The attack tool "EternalBlue" that spreads Ransomware "Wanna Cry" diffuses smoothly

byLaurent Peignault

In May 2017,Ran smith wear "Wanna Cry" which requests ransom by encrypting the file of PC is a big fashion worldwideDid. One year since its violence, "Wanna Cry" ceased, but still there are a large number of computers with incomplete patches all over the world and it is a good target for Eternal Blue used for Wanna Cry spreading I will.
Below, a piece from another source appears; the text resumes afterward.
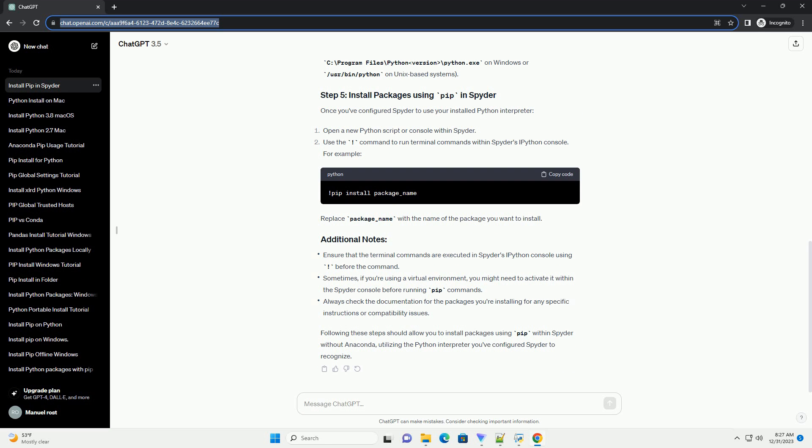By default, recent Python distributions come with pip pre-installed. If not, you can install pip separately by following the instructions provided on the official pip installation page.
One Year After Wanna Cry, Eternal Blue Exploit Is Bigger Than Ever
https://www.bleepingcomputer.com/news/security/one-year-after-wannacry-eternalblue-exploit-is-bigger-than-ever/


One year ago, ESET products stopped Wanna Cry / Wanna Cryptor in its tracks: Here's an update | ESET
https://www.eset.com/us/about/newsroom/corporate-blog/one-year-ago-eset-products-stopped-wannacry-wannacryptor-in-its-tracks-heres-an-update/

EternalBlue was originally developed by the Cyber ​​Department of the National Security Agency of the United States of America (NSA), and it is believed that most of it was stolen by hacker groups. Moreover, it has flowed out multiple times on the net,It is used for spreading of Ransomware "WannaCry", spreading virtual currency mining malware, etc..

EternalBlue originally only works on Windows 7 and Windows Server 2008, so the damage was limited. OS is on Windows XPCrash on "Blue Screen of Death"Damage of WannaCry did not expand much because it was because of it.

However, after that, improvements were made to break vulnerabilities in Windows 8, Windows Server 2012, and Windows 10, and acquired the ability to infect many computers. Among the malware creators, it became a necessity of hacking.

One of the reasons why EternalBlue survived is that computers that do not properly patch vulnerabilities still exist in the world in millions and are connected to the network. Apparently, the threat of EternalBlue seems to continue for the time being.